During those years of learning to play guitar I bought my own and made plans to tour every terrible open mic night I could after I graduated college. I had a voice that sounded like something you hear on stage in the back of a bar while you're drinking whiskey and figured I’d meet other musicians on the road while I played makeshift sets in dive bars. After driving cross-country with a band (two guys: one drummer, one guitarist), I'd move somewhere like New York to work on an album and go from there.

Music and I were in love. It was young love, but it was love just the same.

To get my music career started, I entered a talent show on campus my sophomore year of college that you had to audition to be in. I auditioned with a cover of some song by some band you only listen to when you live in a college dorm and got in. The weekend before I played the show I was telling my friend about it she said, "You know, I bet you get a manager out of this." I don't know why, but when she said it I knew I would.

And I did.

It was the type of manager that works with bands and venues to help you get gigs when you first start out as a musician. I was so excited that I called my parents to tell them the news. I hadn't told them about music and had been waiting for an opportunity. A manager in my back pocket seemed like the perfect time to tell them.

When we hung the phone up my parents didn’t contact me. My dad was coming to visit a month later and said we'd talk about things then. When he got there he told me my mom hadn't slept for two weeks and that they thought this was a mistake. Music was a risk and people that worked in that type of industry didn’t have a good quality of life. He and my mom were very conservative at the time and there wasn't a lot of separation of church and state where I'm from. After my dad told me I wasn't allowed to play in bars until I was 21 he ended the conversation with this:

We believe if you do this you're walking into the pit of hell.

It's a moment I often try to forget.

I can't fully explain what happened next. Over the next few years I slowly started to bury parts of myself to the point that music was no longer part of my life. It was now the ex-boyfriend that people couldn't bring up. Everyone thought we would end up together and nobody knew why we were apart. Throughout the rest of college people knew music and I were still hooking up on the side and wanted us to stop fooling around and get together already.
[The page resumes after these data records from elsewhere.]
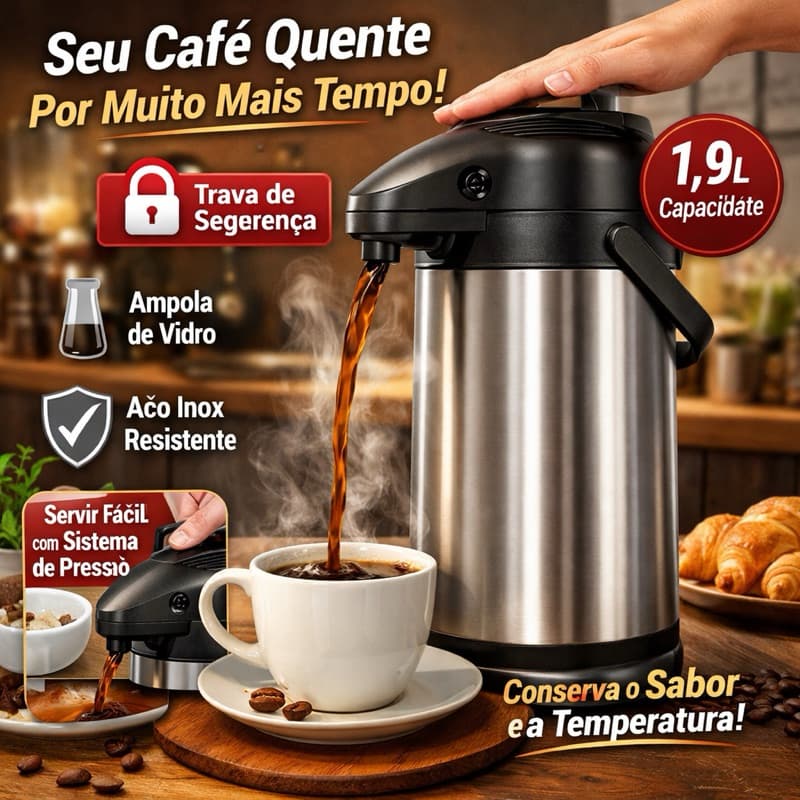 Garrafa Térmica Inox 1,9L Com Pressão Ampola De Vidro Café Chá Água Quente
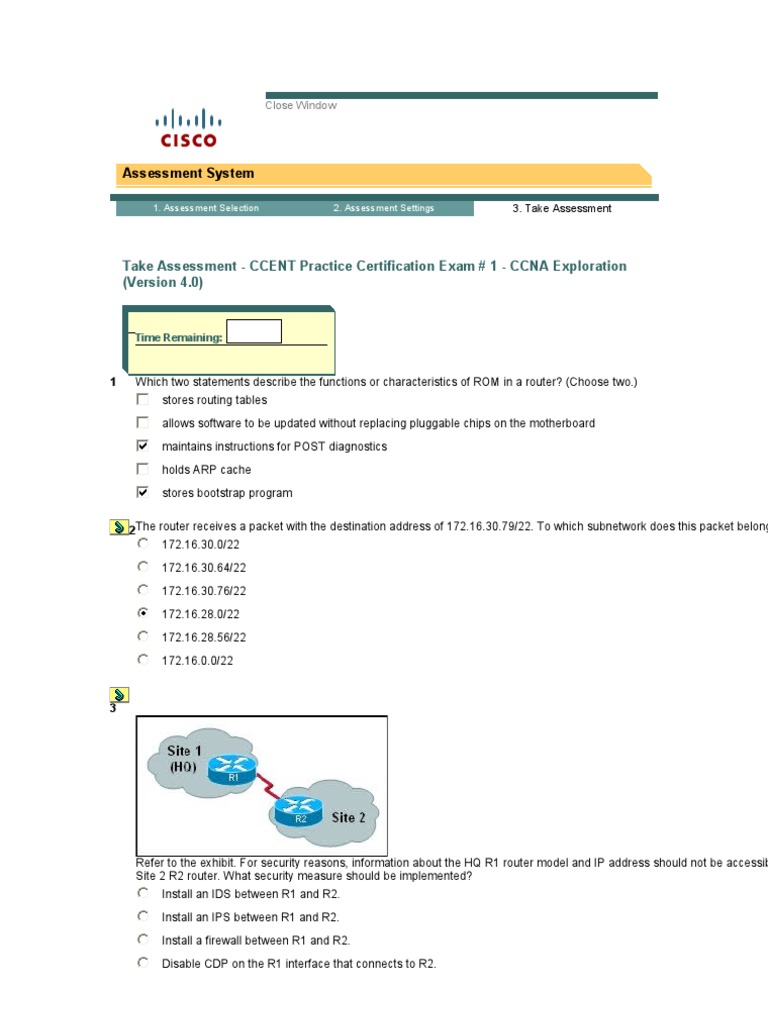 CCENT Practice Certification Exam 1 | PDF | Router (Computing) | Ip Address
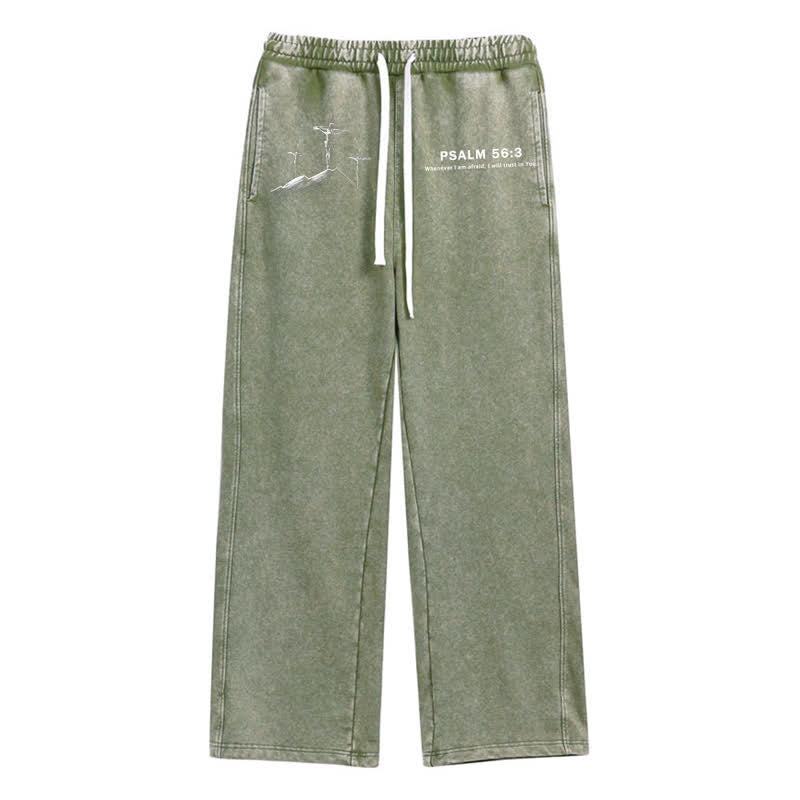 Christianartworkshop Psalm 56:3 Cross Graphic Blush Washed Sweatpants - Army Green - 2XL - image 26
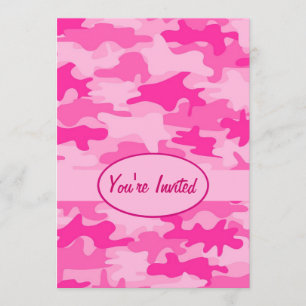 Pink and Fuchsia Camo Camouflage Party Event Invitation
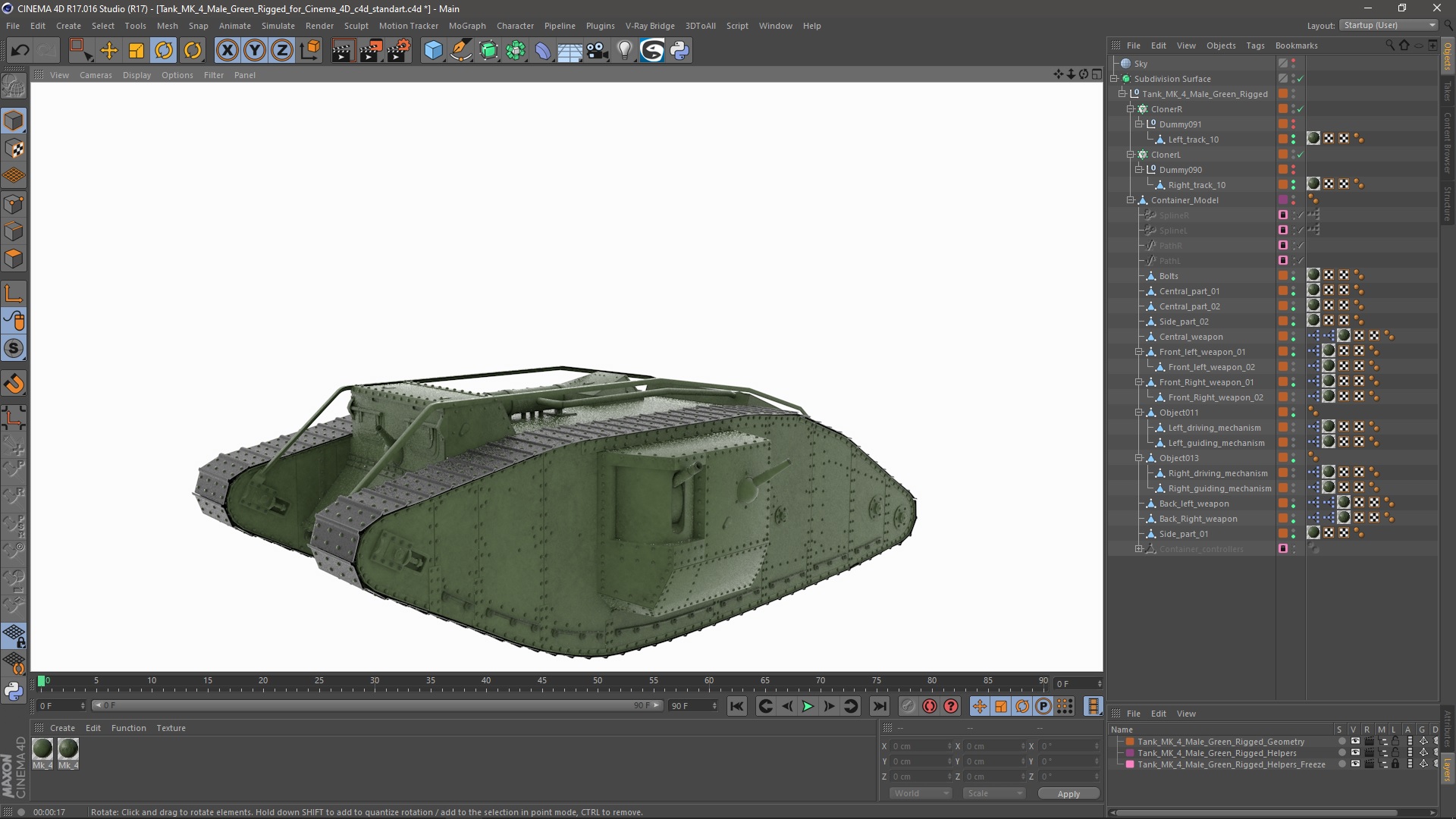 3D Tank MK 4 Male Green Rigged for Cinema 4D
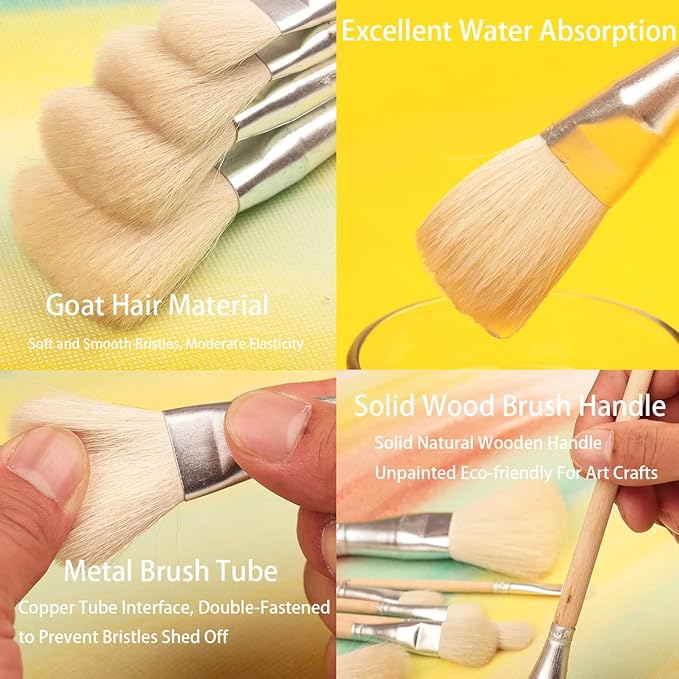 10 PCS Assorted Size Paint Brush Gilding Brush Gold Leaf Goat Hair Duster Flat Hake Brush Sweep Mops for Watercolor, Wash, Ceramic Pottery Painting, Metallic Foil Flakes Art Crafts Supplies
I did too, but I didn’t know how.

Let me be very real: I wasn't an incredibly talented guitar player. I learned to play only well enough to stand behind one while singing because I liked having something more than a microphone between me and the edge of the stage. The songs I wrote were in the voice of a 20-year-old, but not a 20-year-old Etta or Amy. My stage presence was lacking and my voice needed some work. I made mistakes both in playing and singing and although I wasn't a prodigy I was broken-hearted: music was the love of my life.

On stage I wasn't too this or too that, I was seen for what I was and not what people thought I should be. Being seen for what you are and not what people think you should be is hard to come by and music didn't touch that. When I played people didn't compare me to anyone other than myself.

I wrote a song called Hey Love a year later and claim it was about the ultimate college crush Matt Luna. He was such a heartthrob. All the girls loved him and all the guys hated him for it. As I am further away from this time in my life, I find this song was never about anything other than my heartbreak over music.